# TRY IT
Nothing but the records, transcribed exactly, should appear in the answer; leave the pictures out.

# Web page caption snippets
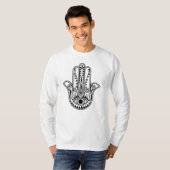 Mannen Hamsa Hand shirt met lange mouwen (Voorkant volledig)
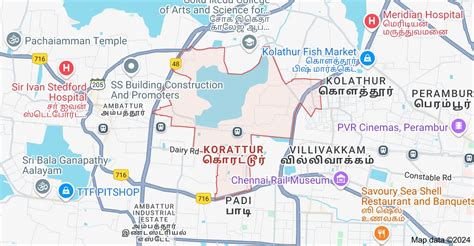 Korattur, Chennai - Map, Pin Code, & Property Rates 2025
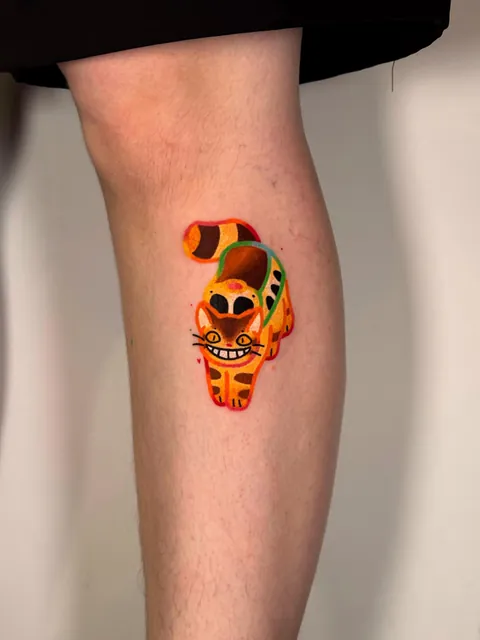 Fresh/healed catbus by me, Tel Aviv, @estattoolio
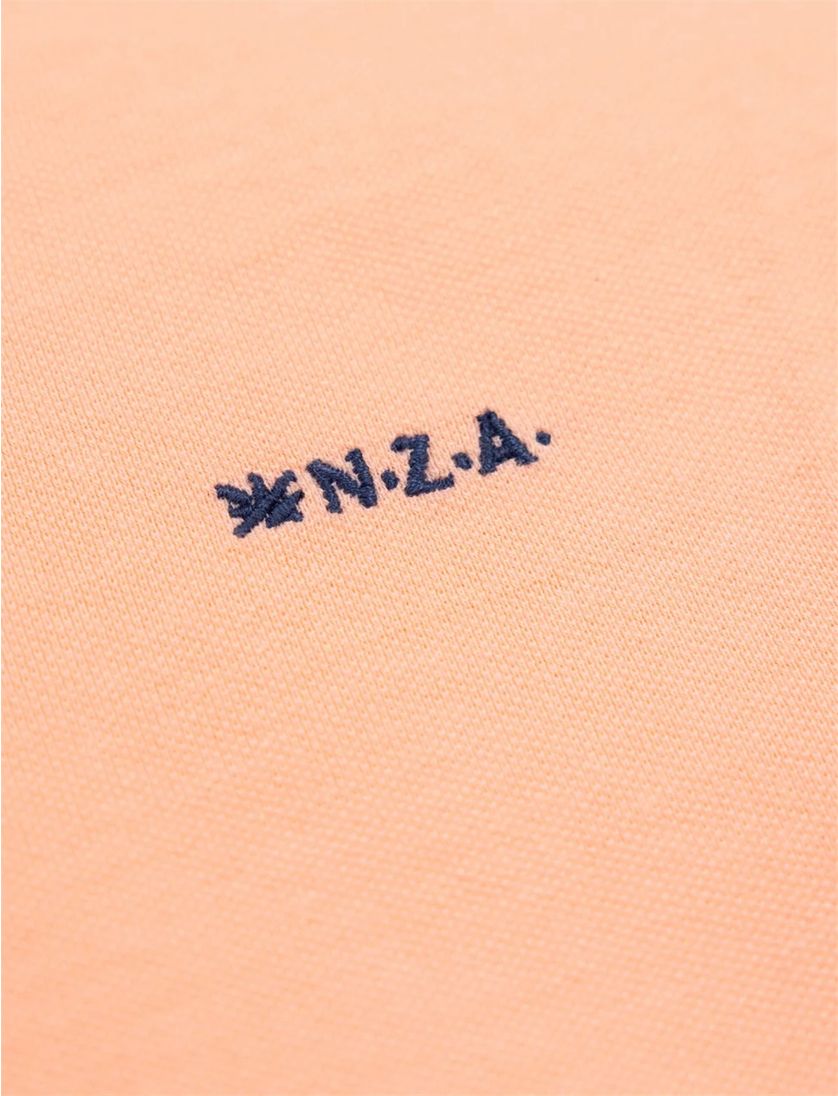 katoenen New Zealand poloshirt Peter effen oranje normale fit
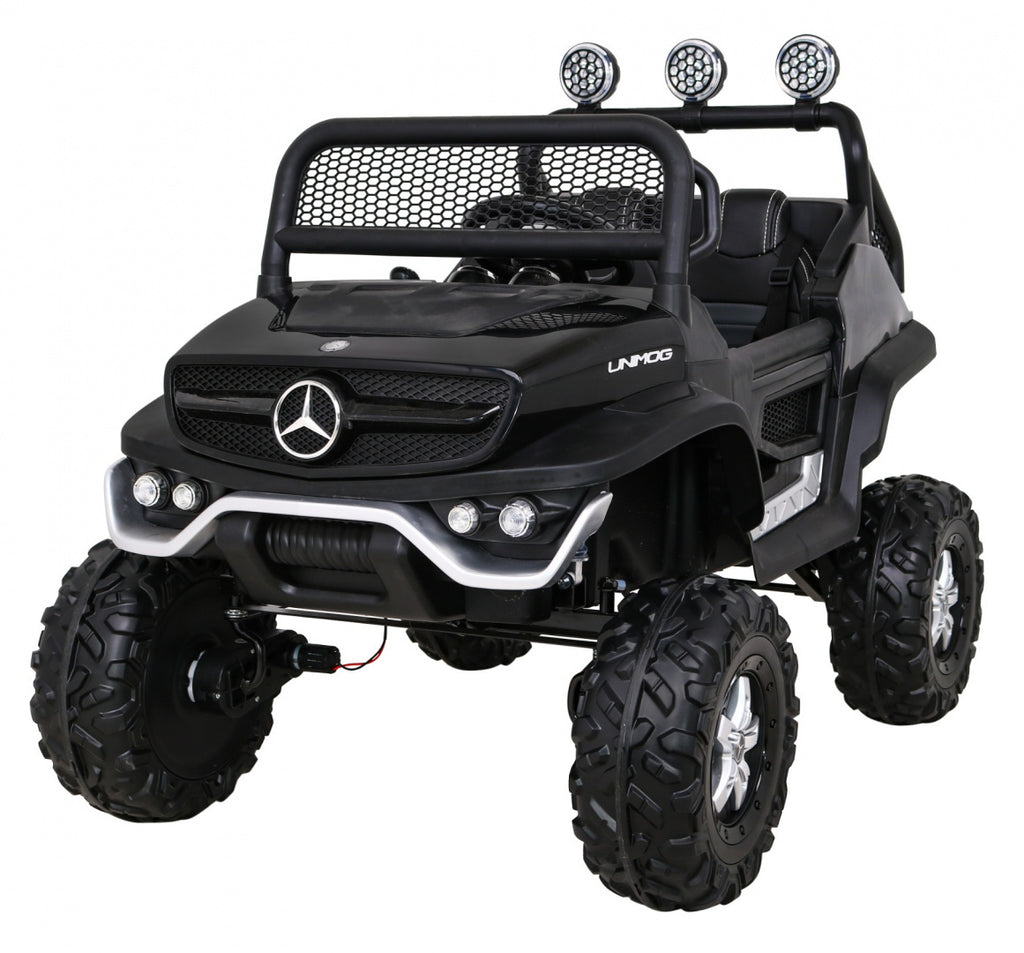 Elektrické autíčko Mercedes-Benz Unimog JL199 12 V – čierne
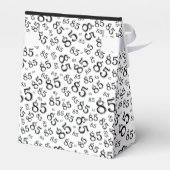 Ballotins Merci 85e Motif de numéros aléatoires noir/blanc (Arrière)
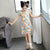 Ruffle Sleeve Kid's Cheongsam Floral Cotton Chinese Dress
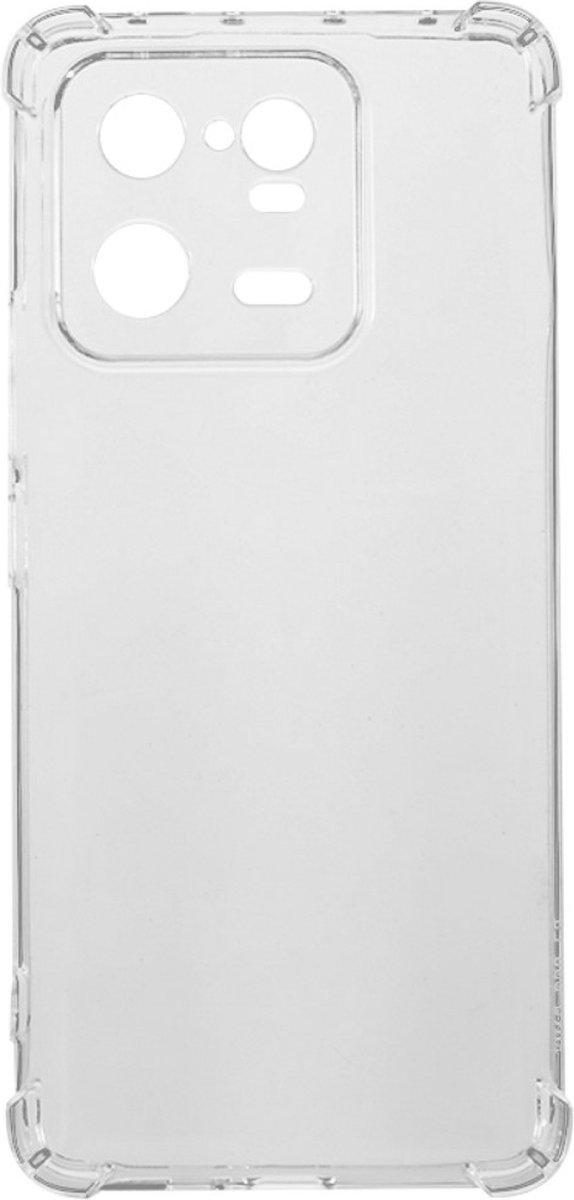 Anti-shock Back Cover voor de Xiaomi 13 Pro Transparant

# OUTPUT
 Mannen Hamsa Hand shirt met lange mouwen (Voorkant volledig)
 Korattur, Chennai - Map, Pin Code, & Property Rates 2025
 Fresh/healed catbus by me, Tel Aviv, @estattoolio
 katoenen New Zealand poloshirt Peter effen oranje normale fit
 Elektrické autíčko Mercedes-Benz Unimog JL199 12 V – čierne
 Ballotins Merci 85e Motif de numéros aléatoires noir/blanc (Arrière)
 Ruffle Sleeve Kid's Cheongsam Floral Cotton Chinese Dress
 Anti-shock Back Cover voor de Xiaomi 13 Pro Transparant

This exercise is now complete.